A special feature of the program is to use the contacts that are developed to facilitate entry into new markets for Taiwanese manufacturers of medical devices and pharmaceuticals. The training courses for physicians and nurses may include a visit to companies in one of Taiwan’s biotech industrial parks for demonstrations of their products. Another channel is provide Taiwanese businesspeople on marketing trips to South or Southeast Asia with introductions to potential customers among local hospitals.

“Medical products require trust and confidence, not just price and performance,” notes Roy Chun Lee, project coordinator at CIER, explaining why the introductions and networking are so important.

“Our top five export markets for medical devices are the EU, U.S., China, Japan, and maybe Hong Kong,” says Roy Lee. “ASEAN wasn’t in the picture.

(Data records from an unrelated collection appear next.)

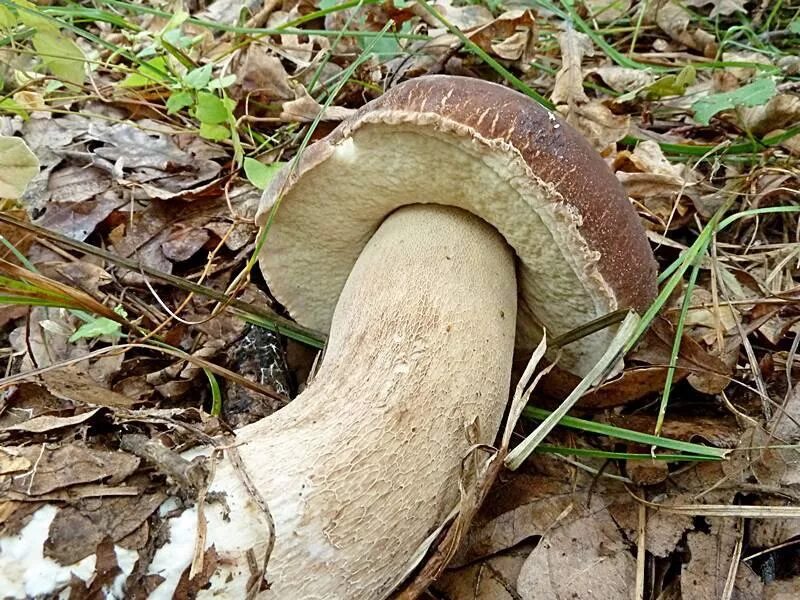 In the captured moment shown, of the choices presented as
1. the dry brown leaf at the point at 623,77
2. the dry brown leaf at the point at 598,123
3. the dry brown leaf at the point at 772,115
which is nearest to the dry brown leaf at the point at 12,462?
the dry brown leaf at the point at 598,123

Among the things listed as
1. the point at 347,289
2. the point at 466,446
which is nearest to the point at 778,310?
the point at 466,446

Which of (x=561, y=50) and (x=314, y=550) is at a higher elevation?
(x=561, y=50)

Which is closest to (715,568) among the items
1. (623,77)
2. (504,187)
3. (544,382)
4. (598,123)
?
(544,382)

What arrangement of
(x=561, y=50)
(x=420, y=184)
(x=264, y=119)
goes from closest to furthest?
(x=420, y=184)
(x=264, y=119)
(x=561, y=50)

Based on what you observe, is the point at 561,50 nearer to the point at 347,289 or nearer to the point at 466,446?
the point at 347,289

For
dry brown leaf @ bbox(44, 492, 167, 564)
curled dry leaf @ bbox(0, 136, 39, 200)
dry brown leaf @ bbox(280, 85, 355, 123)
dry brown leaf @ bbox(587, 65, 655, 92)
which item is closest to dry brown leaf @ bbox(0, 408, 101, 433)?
dry brown leaf @ bbox(44, 492, 167, 564)

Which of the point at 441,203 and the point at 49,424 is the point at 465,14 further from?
the point at 49,424

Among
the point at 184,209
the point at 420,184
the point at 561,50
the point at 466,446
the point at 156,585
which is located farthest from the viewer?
the point at 561,50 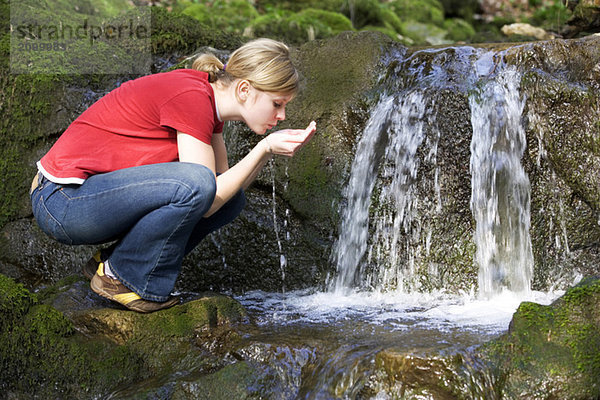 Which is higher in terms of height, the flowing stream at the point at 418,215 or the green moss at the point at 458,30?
the green moss at the point at 458,30

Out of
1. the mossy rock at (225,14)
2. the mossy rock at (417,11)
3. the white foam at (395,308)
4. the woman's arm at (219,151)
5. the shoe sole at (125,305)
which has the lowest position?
the white foam at (395,308)

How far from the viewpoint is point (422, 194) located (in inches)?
164

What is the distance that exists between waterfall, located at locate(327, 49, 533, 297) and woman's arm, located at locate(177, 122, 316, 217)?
148 centimetres

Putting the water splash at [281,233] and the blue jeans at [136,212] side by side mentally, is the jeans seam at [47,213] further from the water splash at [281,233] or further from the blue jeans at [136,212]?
the water splash at [281,233]

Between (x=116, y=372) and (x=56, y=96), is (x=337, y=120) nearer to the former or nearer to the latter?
(x=56, y=96)

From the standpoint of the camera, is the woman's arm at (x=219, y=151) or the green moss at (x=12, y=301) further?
the woman's arm at (x=219, y=151)

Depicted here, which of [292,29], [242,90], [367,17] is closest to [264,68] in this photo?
[242,90]

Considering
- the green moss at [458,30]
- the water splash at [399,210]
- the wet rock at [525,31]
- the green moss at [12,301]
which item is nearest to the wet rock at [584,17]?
the wet rock at [525,31]

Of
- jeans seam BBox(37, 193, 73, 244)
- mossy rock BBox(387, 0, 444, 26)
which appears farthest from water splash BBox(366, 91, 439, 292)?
mossy rock BBox(387, 0, 444, 26)

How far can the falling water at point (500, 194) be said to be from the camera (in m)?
3.98

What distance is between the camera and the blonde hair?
9.38ft

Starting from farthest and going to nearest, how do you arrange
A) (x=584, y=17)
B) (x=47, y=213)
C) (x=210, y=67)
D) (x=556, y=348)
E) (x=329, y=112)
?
(x=584, y=17) → (x=329, y=112) → (x=210, y=67) → (x=47, y=213) → (x=556, y=348)

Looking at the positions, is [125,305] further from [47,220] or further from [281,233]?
[281,233]

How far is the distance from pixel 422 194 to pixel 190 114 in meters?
1.89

One big difference since the New Southbound Policy was launched is that we have started to see more companies showing interest in developing new markets in ASEAN.”

In India, the country’s ancient practice of traditional medicines has opened additional opportunity for dialogue between MOHW’s Department of Chinese Medicine and Pharmacy and India’s Ministry of Ayurveda, Yoga and Naturopathy, Unani, Siddha and Homoeopathy. CIER’s Lee says India is eager to learn more about Taiwan’s success in modernizing traditional Chinese herbal medicine, for example by providing the equivalent in pill form as well as imposing quality standards and making available manufacturing certification.

The government-to-government nature of the contacts has not been an obstacle. “After all, we’re talking about healthcare,” Roy Lee says. “We’re not talking politics.”